WASHINGTON – North Korea experienced sweeping Internet outages for hours before coming back online late Monday. One computer expert said the country’s online access was “totally down.”
The White House and the State Department declined to say whether the U.S. government was responsible.
President Barack Obama said Friday the U.S. government expected to respond to the hacking of Sony Pictures Entertainment Inc., which he described as an expensive act of “cybervandalism” that he blamed on North Korea. Obama did not say how the U.S. might respond, and it was not immediately clear if the Internet connectivity problems represented the retribution. The U.S. government regards its offensive cyber operations as highly classified.
“We aren’t going to discuss, you know, publicly operational details about the possible response options or comment on those kind of reports in any way except to say that as we implement our responses, some will be seen, some may not be seen,” State Department spokeswoman Marie Harf said.
North Korea has forcefully denied it was responsible for hacking into Sony. But the country has for months condemned the “The Interview,” a Sony satirical comedy about a plot to assassinate the North Korean leader. Sony canceled plans to release the movie after a group of hackers made terroristic threats against theaters planning to show it.
North Korea is one of the least connected countries in the world. Few North Koreans have access to computers, and even those who do typically are able to connect only to a domestic intranet. Though North Korea is equipped for broadband Internet, only a small, approved segment of the population has any access to the World Wide Web. More than a million people, however, are now using mobile phones in North Korea. The network covers most major cities, but users cannot call outside the country or receive calls from outside.
North Korean diplomat Kim Song, asked Monday about the Internet attack, told the Associated Press: “I have no information.”
Researchers at Dyn, an Internet performance management company based in New Hampshire, began noticing increasing amounts of instability in North Korea’s connection over the weekend.
Networks that govern how traffic is supposed to reach North Korea “began to appear and disappear, sort of flickering on and off,” said James Cowie, chief scientist at Dyn. “That’s a very typical thing to see when an end site is under a large attack and it’s having trouble staying connected to the Internet. But it can also be consistent with something like a power outage.”

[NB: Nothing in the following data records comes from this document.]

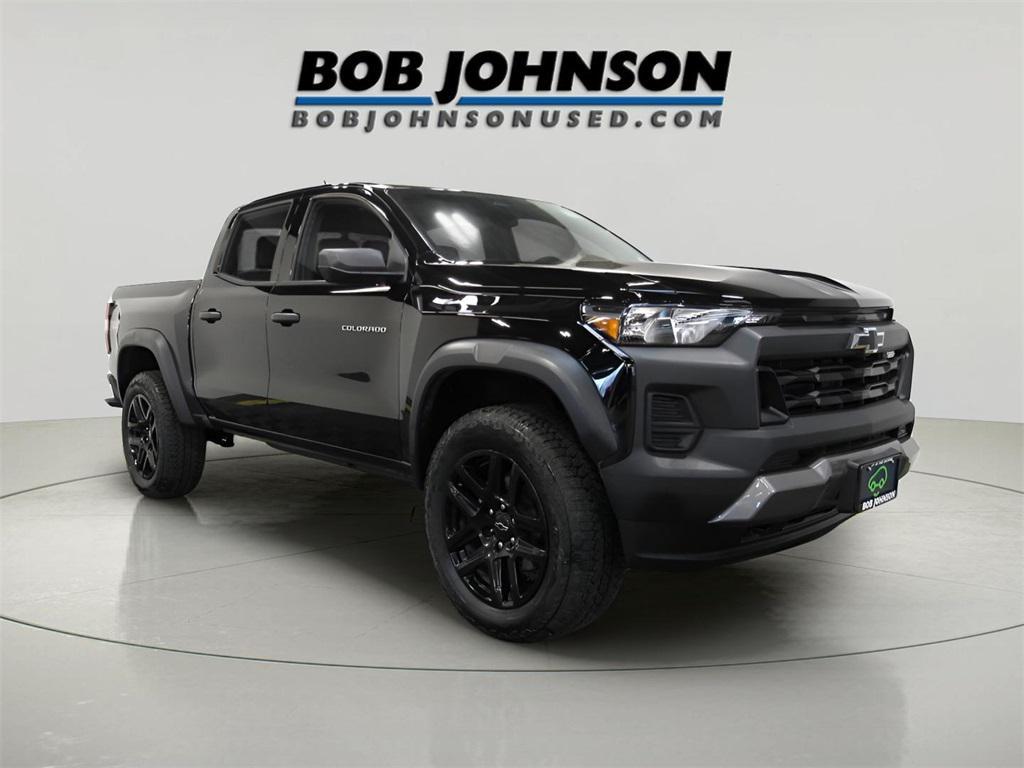 used 2024 Chevrolet Colorado car, priced at $37,326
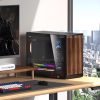 Vỏ Case Máy Tính Shiny Snake G600 Đen 2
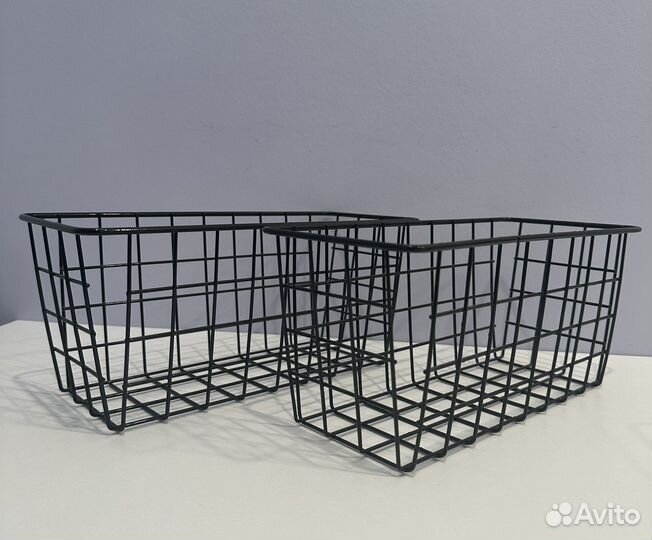 Корзина металлическая для хранения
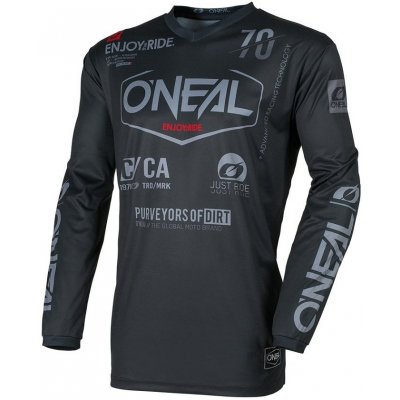 O´Neal Element Brand black/grey – Sleviste.cz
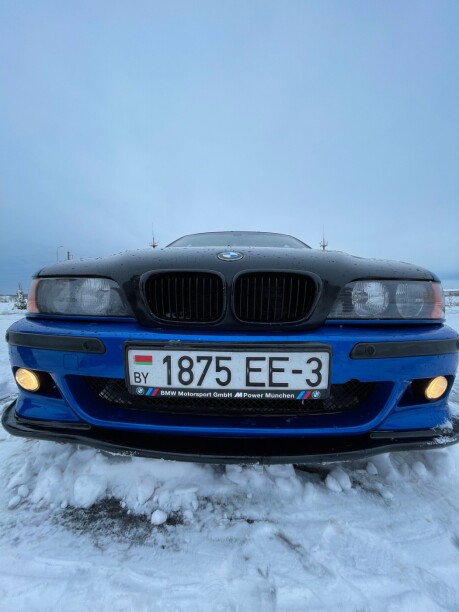 BMW 5 серия E39, 2000 г.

North Korea’s Internet connections were restored after 9 hours and 31 minutes, Dyn reported.
San Francisco-based CloudFlare confirmed the outage, but neither company could say what caused it.
North Korea may have decided to take itself off the Internet, CloudFlare’s co-founder, Matthew Prince, said in an email. Countries with low levels of connectivity and a high degree of government control over telecommunications have been known to do this when they feel threatened, as Egypt did during the 2011 uprising that toppled former President Hosni Mubarak.
A decision could also have been made in China to terminate North Korea’s access to the Internet. The four networks that North Korea uses rely on a single provider, China Unicom, the state-run telecommunications company, Cowie said.
Or there may have been an attack by a third party. Experts said it would not require the involvement of a state actor to overwhelm North Korea’s connection with traffic until it collapsed.
North Korea’s Internet problems could also be the result of a technical fault, such as a hardware failure or a severed cable.
“It’s unlikely that North Korea has an up-to-date Cisco support contract, and a critical resource may have failed for innocuous reasons,” Prince said.
Such loss of connectivity is not without precedent in North Korea.
“We have seen instability, and we’ve even seen multihour outages in the past because it is a kind of end-of-the-road, fragile connection,” Cowie said. “But I think the timing and the duration of this one are causing us to look a little harder at it.”
Ivan Simonovic, the U.N. assistant secretary-general for human rights, told reporters he didn’t want to speculate about the nature of the Internet outages but said he hoped it would be “thoroughly investigated.”